Who Is This Post For?

Every developer should build, debug, and test the firmware using the exact same versions of the compiler, build system, and other tools. The specific tools used should also be in lock-step with the code base revision being worked on. This ensures that there is one way to do all everyday tasks and they always work. It’s also a critical step towards having reproducible builds.

If you or your teammates have experienced any of the following more than once, it may be time to consider using Conda or similar environment manager.

After coming back from a 2 week vacation, you find that getting a functional development environment again takes hours or even days.
Updating a package required by the firmware build is a monumental effort and requires communication in all channels, including email, slack, and various wiki pages.
You find that a build from your machine works correctly but not the one from CI or your co-workers machine.
You check out a 6 month-old revision of your project and realize it’s probably quicker to reformat your computer and start over than to try and piece together an environment to build the firmware.
You use Windows, macOS, or Linux without Docker.

What is Conda?

Conda

Conda is a “package, dependency and environment management for any language”¹. It is most popular in the world of data science, but it can easily be used in any field, including firmware development!

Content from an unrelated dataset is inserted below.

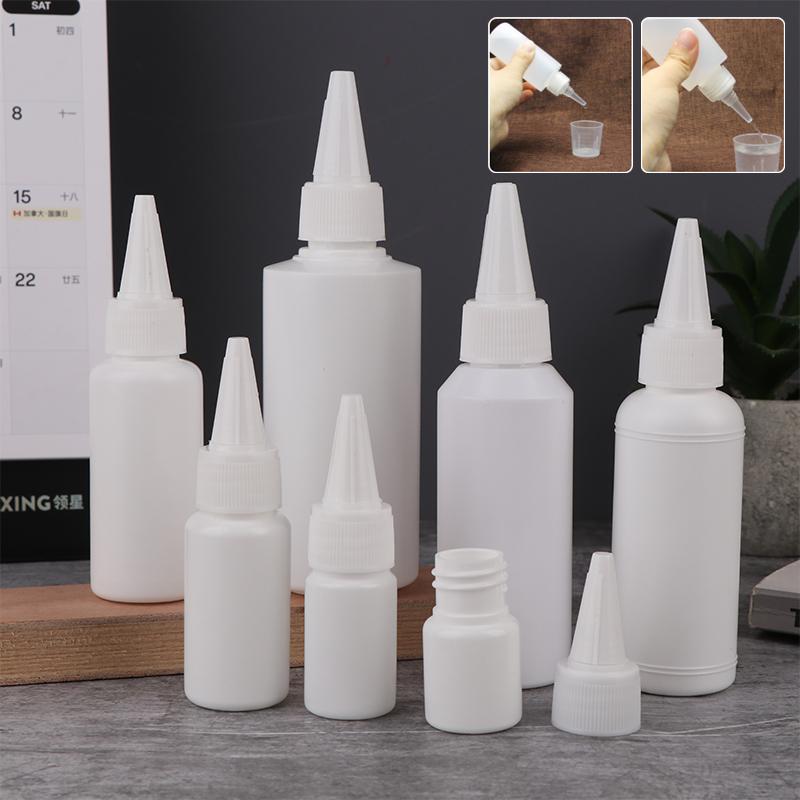 5/10/20/30/50/60/100Ml White Squeeze Dropper Empty Bottle With Screw Cap Eyes Liquid Ink Oil Dropper Paint Pigment Bottles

Conda has become my favorite way to manage the developer and continuous integration environments for my firmware projects.

Conda is primarily used to manage Python distributions and environments. It can either be used as a replacement for virtualenv² or used alongside it if necessary. It also provides pip so that PyPi packages can be installed as well.

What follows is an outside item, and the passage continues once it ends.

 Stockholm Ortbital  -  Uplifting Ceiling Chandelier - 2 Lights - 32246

The primary benefit of using Conda over Virtualenv is its ability to install and manage system binary packages that one may need in a developer environment, such as the arm-none-eabi-gcc toolchain, wget, or Make.

How Does Conda Work?

When a developer installs Conda on their computer, a command-line tool called conda becomes available. conda is used to install, manage, and activate the Conda virtual environments.

The local Conda environment is kept in sync with a manifest file, typically called environment.yml and revision controlled. It works similarly to a requirements.txt file in Python or package.json in the JavaScript world. This enables a developer to check out any revision from the past and immediately have the proper tools installed to build and debug.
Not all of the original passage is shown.